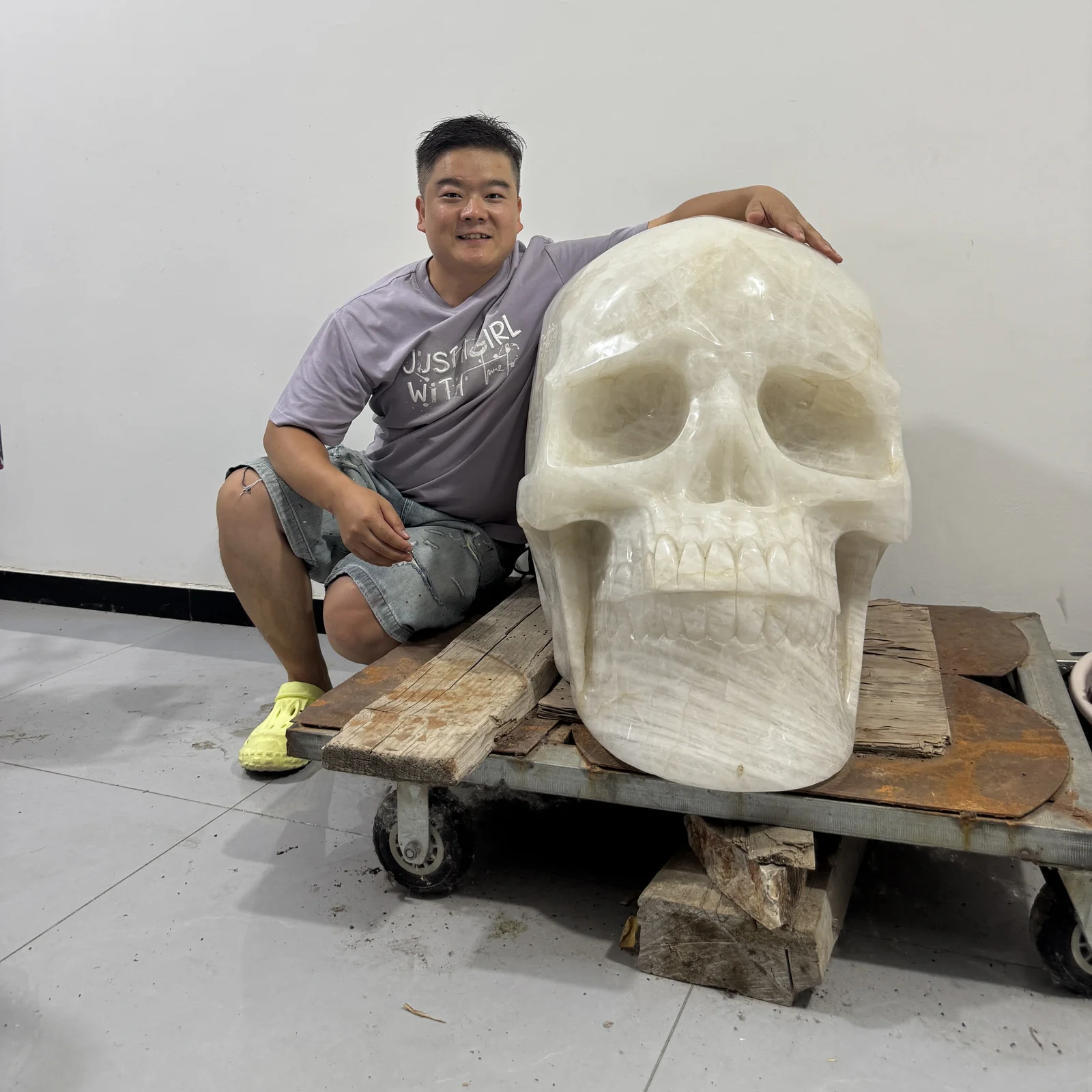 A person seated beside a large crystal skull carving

---+---

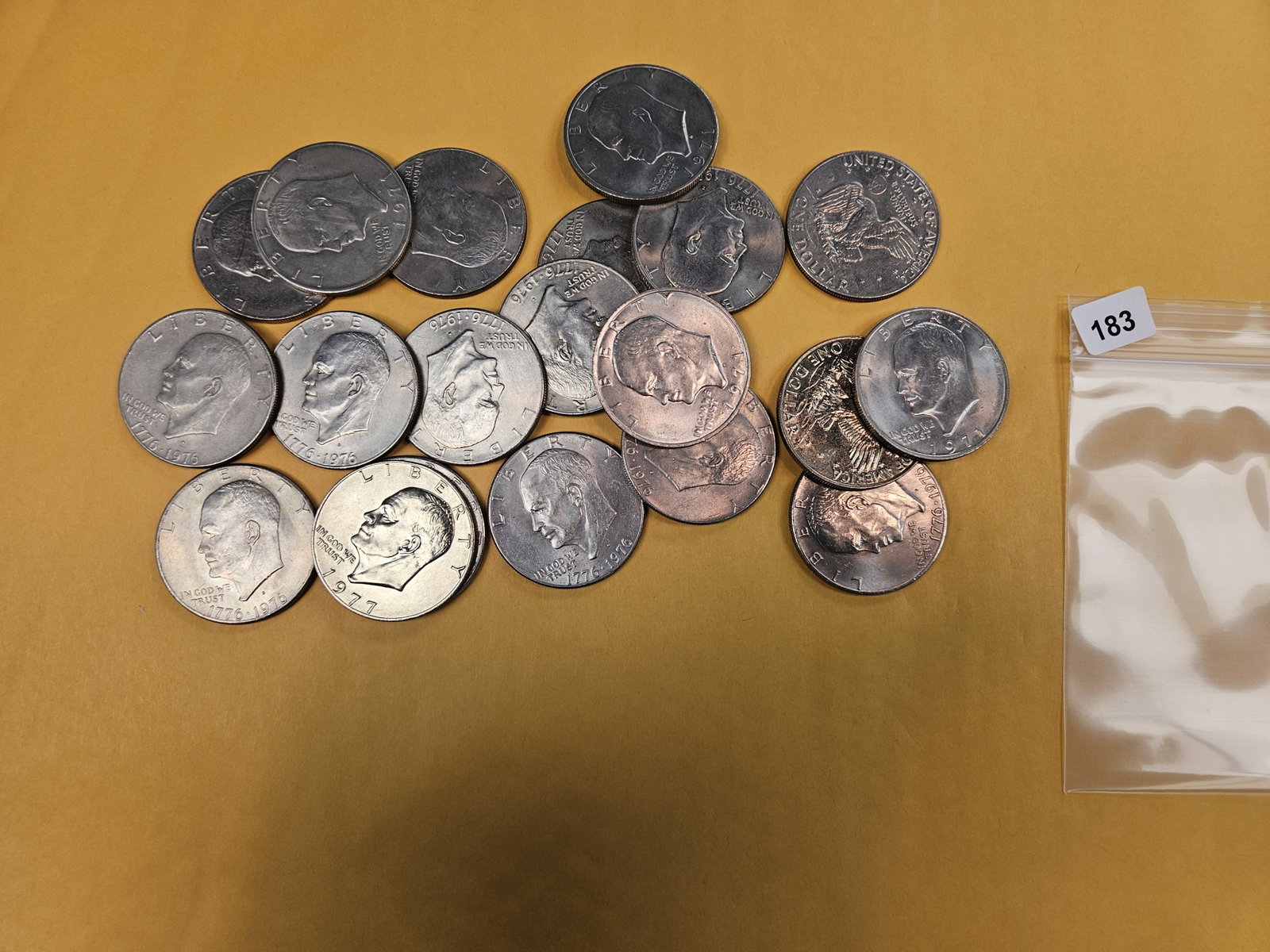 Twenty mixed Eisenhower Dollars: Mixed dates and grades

---+---

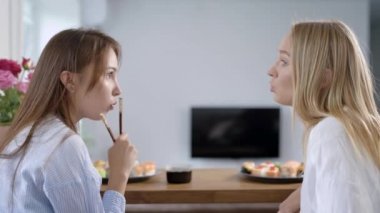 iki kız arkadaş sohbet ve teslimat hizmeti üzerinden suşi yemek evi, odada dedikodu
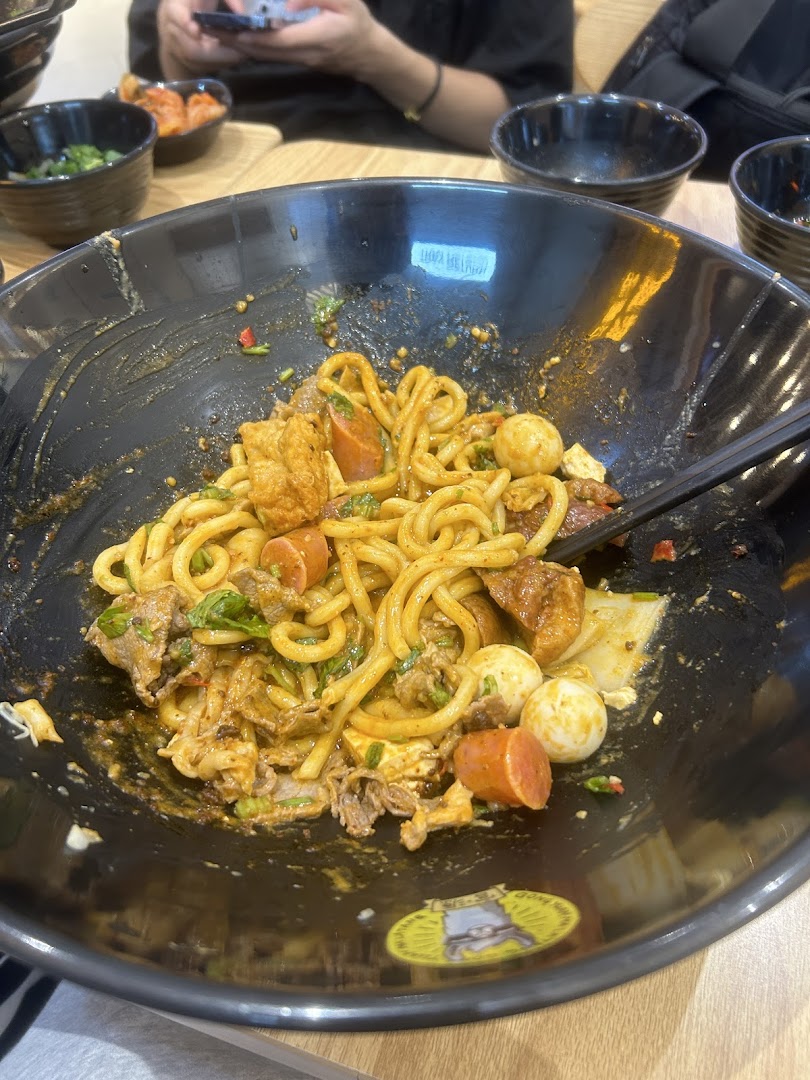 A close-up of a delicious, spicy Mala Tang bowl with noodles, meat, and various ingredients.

---+---

■ **TASK DESCRIPTION**
After locating the line containing "iki kız arkadaş" in the entries above, return it and every line after it exactly, ending at the line containing "A close-up of", without pictures.

■ **RESPONSE FOR THIS EXERCISE**
 iki kız arkadaş sohbet ve teslimat hizmeti üzerinden suşi yemek evi, odada dedikodu
 A close-up of a delicious, spicy Mala Tang bowl with noodles, meat, and various ingredients.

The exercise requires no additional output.